_SUPPLIED RECORDS_.
==================================================
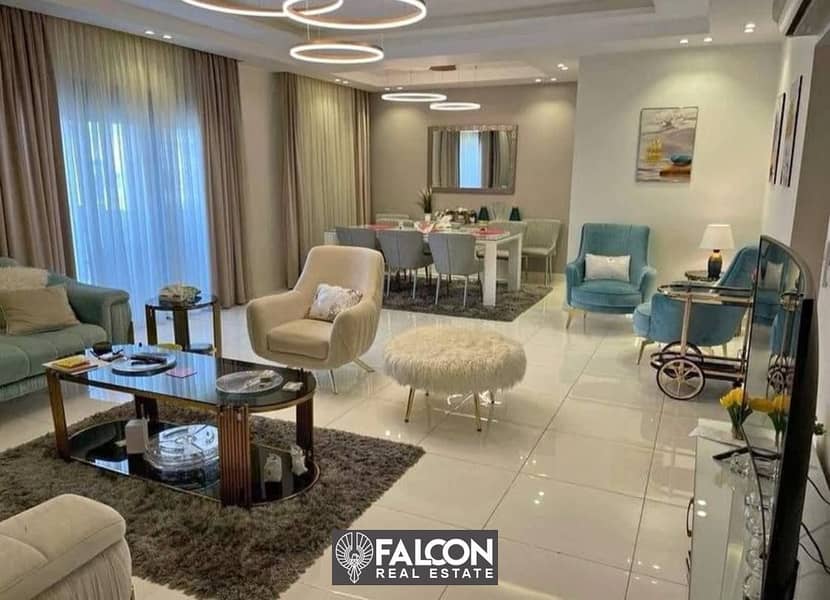 For the first time, installments over 12 years, a finished apartment with Ready to move [Ready for viewing] directly on Salah Salem (Al-Fustat) 0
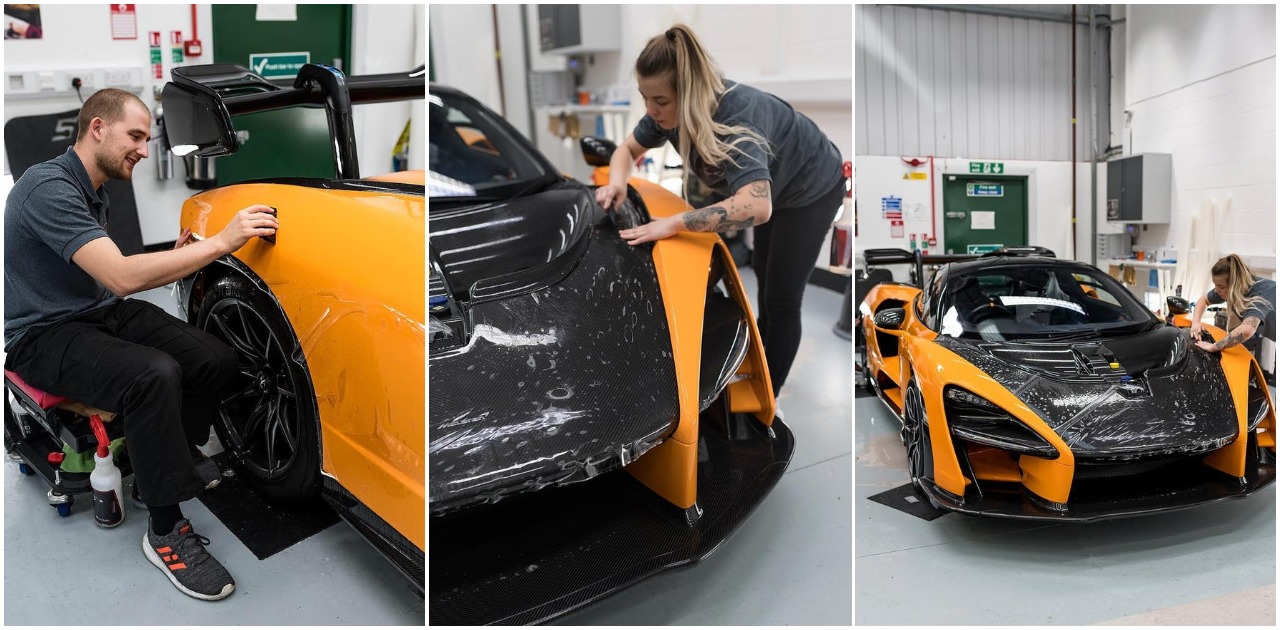 Bloke Specs His McLaren Senna To Look Like Han’s RX-7 From Tokyo Drift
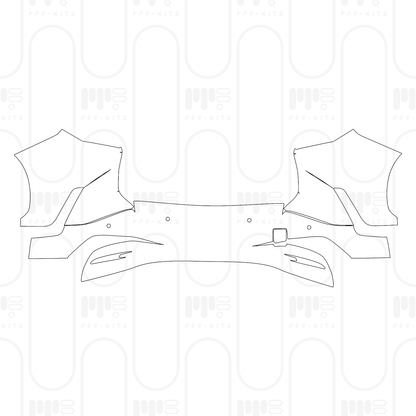 PPF prédécoupé Lexus RZ 2026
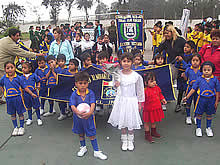 Inauguran Juegos Deportivos Escolares 2005
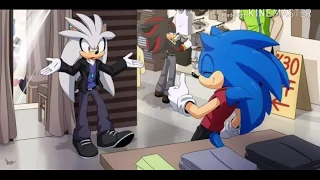 🌸Sonic e Shadow e Silver|GDFR|🌸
==================================================
_WHAT YOU ARE ASKED TO DO_. Without the pictures, write out the whole listing above exactly as it appears.

_YOUR RESPONSE_.
 For the first time, installments over 12 years, a finished apartment with Ready to move [Ready for viewing] directly on Salah Salem (Al-Fustat) 0
 Bloke Specs His McLaren Senna To Look Like Han’s RX-7 From Tokyo Drift
 PPF prédécoupé Lexus RZ 2026
 Inauguran Juegos Deportivos Escolares 2005
 🌸Sonic e Shadow e Silver|GDFR|🌸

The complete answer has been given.